A while back, someone posted a website they used to "re-size" photos. I cannot find it anywhere. Does anyone remember this website?


----------



## Dan Borer (Feb 6, 2009)

I use Picasa from Google. There is a website but I use the stand alone program on my computer for all my needs. The EXPORT function allows you to resize individual or multiple photos quickly and easily.


----------



## luverofpeanuts (Mar 9, 2010)

dhdb said:


> A while back, someone posted a website they used to "re-size" photos. I cannot find it anywhere. Does anyone remember this website?

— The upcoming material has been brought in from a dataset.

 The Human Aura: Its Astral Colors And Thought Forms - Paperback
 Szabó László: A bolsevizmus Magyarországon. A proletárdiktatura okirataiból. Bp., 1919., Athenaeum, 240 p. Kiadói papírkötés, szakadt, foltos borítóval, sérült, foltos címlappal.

As a a Picasa user, I've often used Picnik to do simple edits on photos, including re sizing. One can use the normal "Paint" program that comes with Windoze too.

.


----------



## rdvholtwood (Sep 18, 2008)

dhdb said:


> A while back, someone posted a website they used to "re-size" photos. I cannot find it anywhere. Does anyone remember this website?


Is this the site? - click here. I've used in the past - before we got a Mac.


----------



## dhdb (Dec 14, 2009)

rdvholtwood said:


> A while back, someone posted a website they used to "re-size" photos. I cannot find it anywhere. Does anyone remember this website?


Is this the site? - click here. I've used in the past - before we got a Mac.








[/quote]
That would ne the one! Thank you Rick.


----------



## raynardo (Jun 8, 2007)

Use Picasa, it's free and works like a charmer.

Once you decide which photos you want to resize, chose them, and then use the EXPORT command to save them to the directory of your choice. Once you choose EXPORT you'll be asked what size you want to use for your exported photos.

The great thing about exported photos is that they have all your Picasa edits and your original photos aren't ever touched!


----------